▶ _Dataset content_:
......

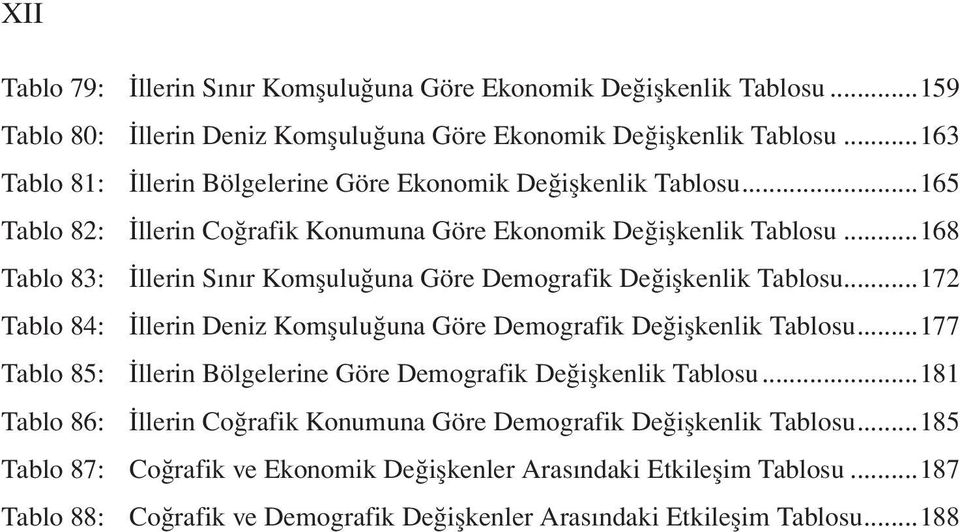 ..168 Tablo 83: İllerin Sınır Komşuluğuna Göre Demografik Değişkenlik Tablosu...172 Tablo 84: İllerin Deniz Komşuluğuna Göre Demografik Değişkenlik Tablosu.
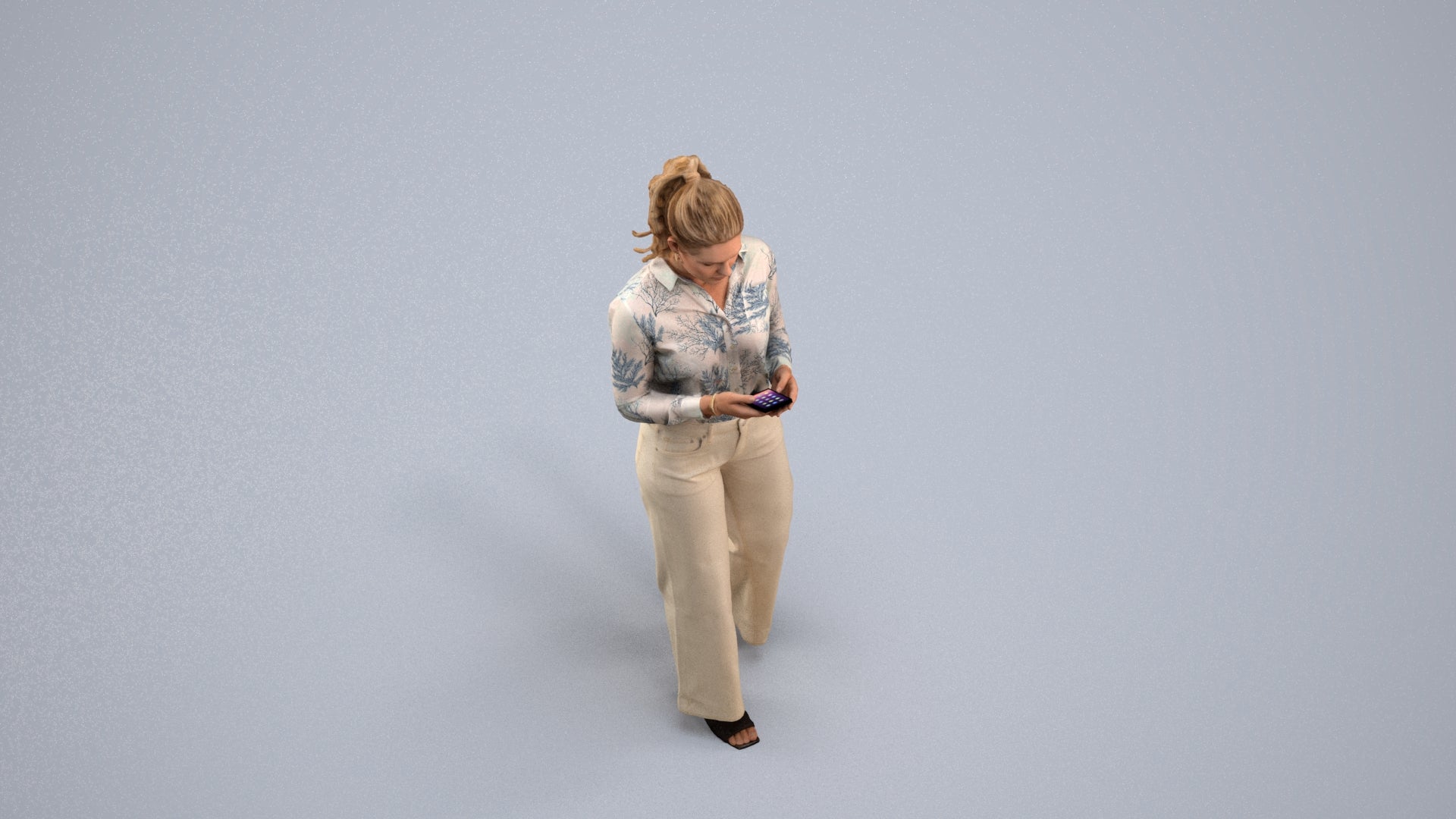 scanned 3D woman casual standing, photogrammetry people for Enscape and V-Ray, back view render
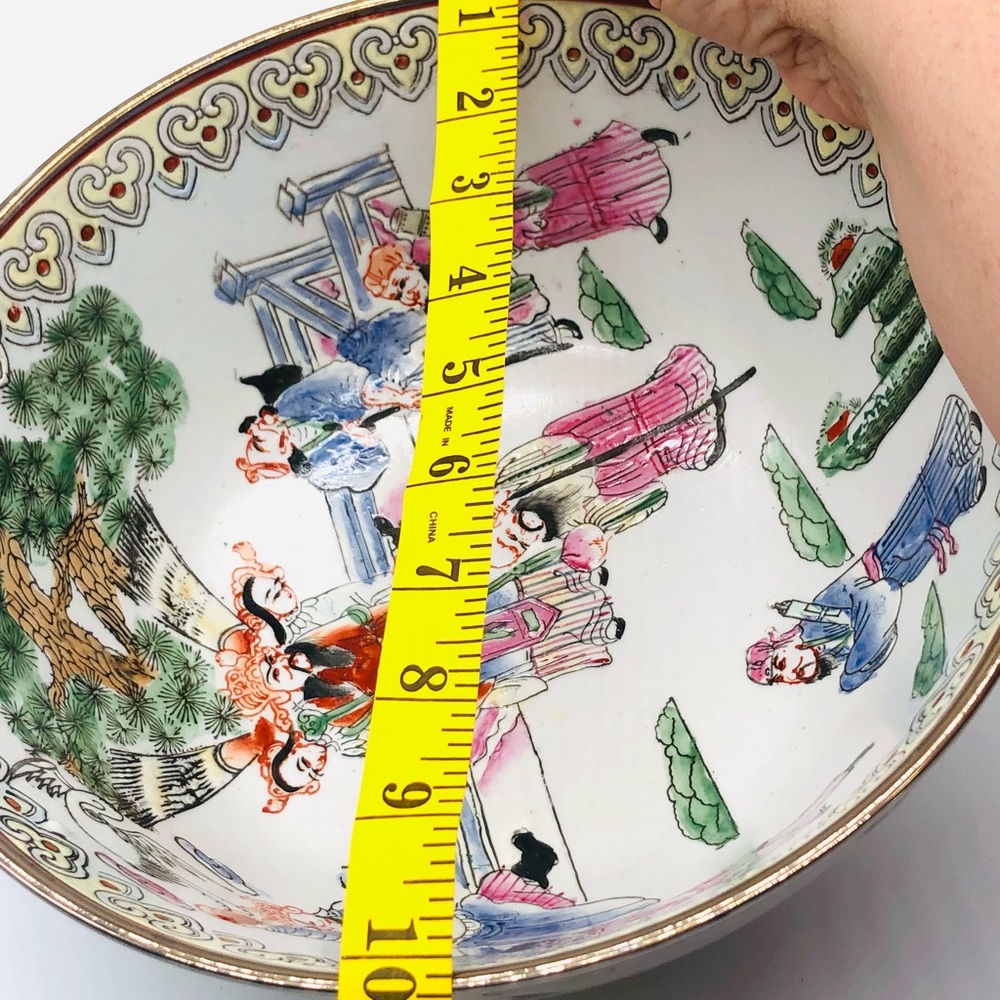 Antique Chinese Hand Painted Rose Bowl - Picture 6 of 14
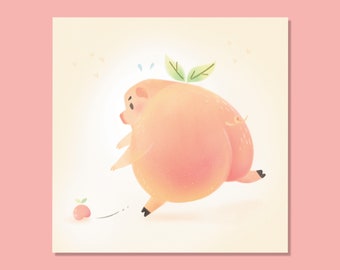 Peachy Pig Print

......

▶ _Exercise objective_:
All of the material above should be written out exactly as given, minus any images.

▶ _Solution below_:
 ..168 Tablo 83: İllerin Sınır Komşuluğuna Göre Demografik Değişkenlik Tablosu...172 Tablo 84: İllerin Deniz Komşuluğuna Göre Demografik Değişkenlik Tablosu.
 scanned 3D woman casual standing, photogrammetry people for Enscape and V-Ray, back view render
 Antique Chinese Hand Painted Rose Bowl - Picture 6 of 14
 Peachy Pig Print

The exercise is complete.